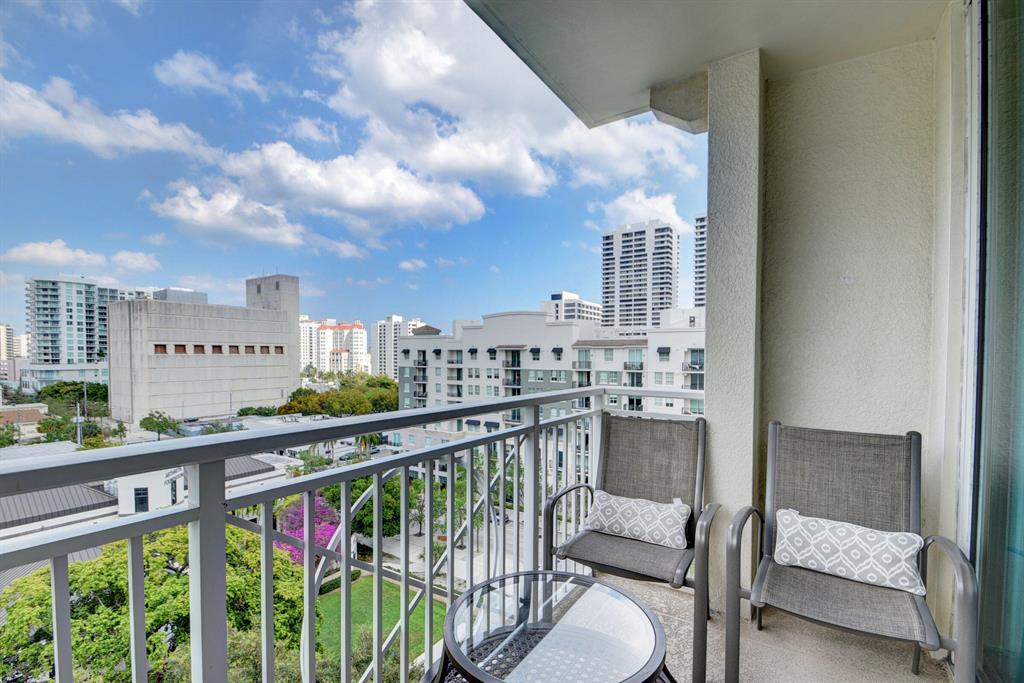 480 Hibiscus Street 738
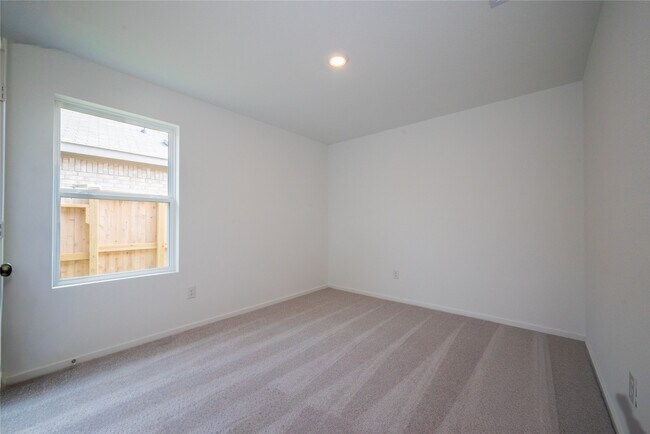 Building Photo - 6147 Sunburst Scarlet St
• • •
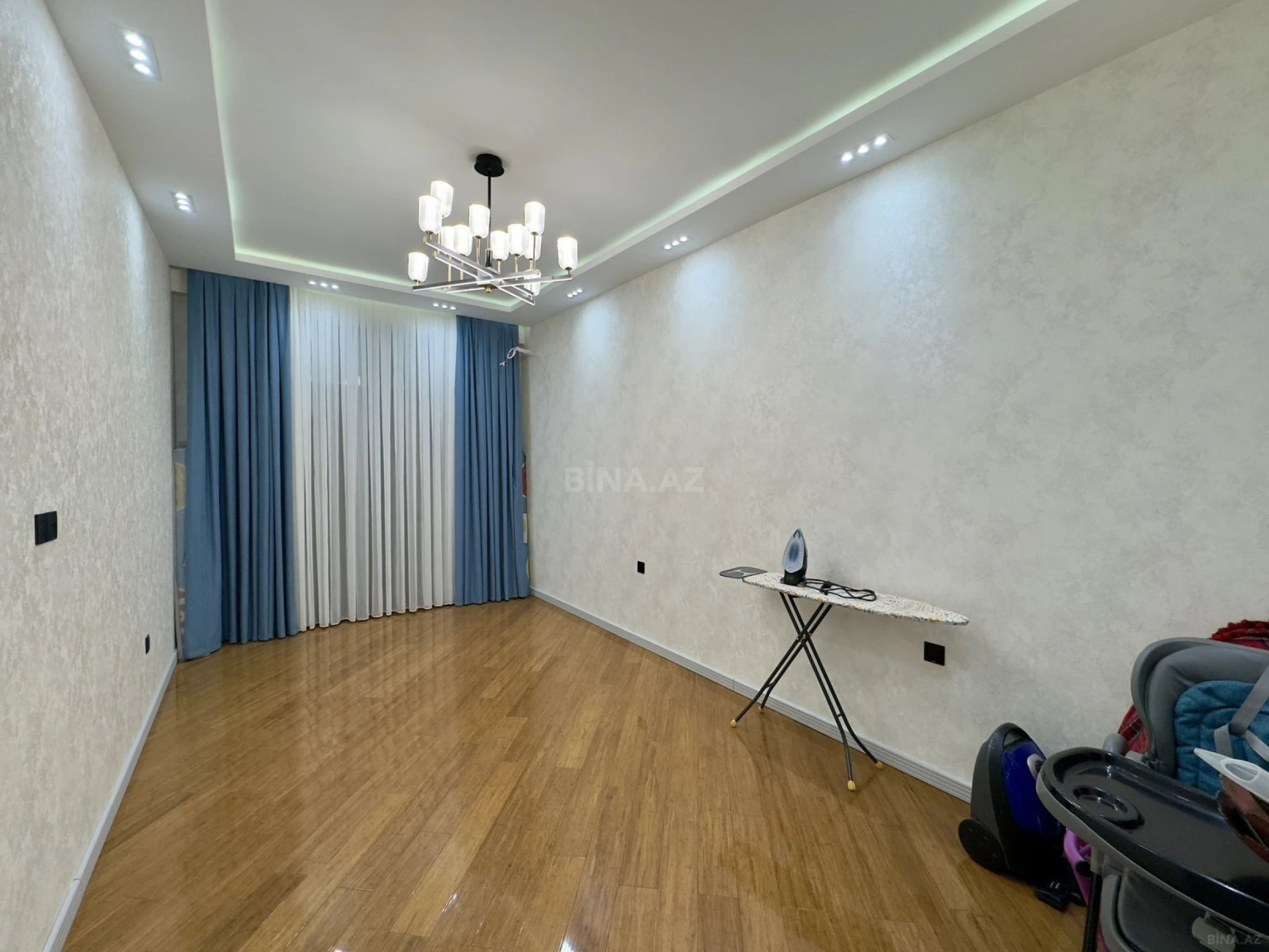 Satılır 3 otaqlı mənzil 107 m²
• • •
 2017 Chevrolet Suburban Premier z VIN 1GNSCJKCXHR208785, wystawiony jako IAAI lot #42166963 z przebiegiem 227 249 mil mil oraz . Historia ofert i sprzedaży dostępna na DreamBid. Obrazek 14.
• • •
> **TASK BRIEF**
Both the line containing "480 Hibiscus Street 738" and the line containing "Building Photo - 6147 Sunburst Scarlet St" above belong in the output, as do the lines between them. Print them exactly, without pictures.

> **RESPONSE TO THIS EXERCISE**
 480 Hibiscus Street 738
 Building Photo - 6147 Sunburst Scarlet St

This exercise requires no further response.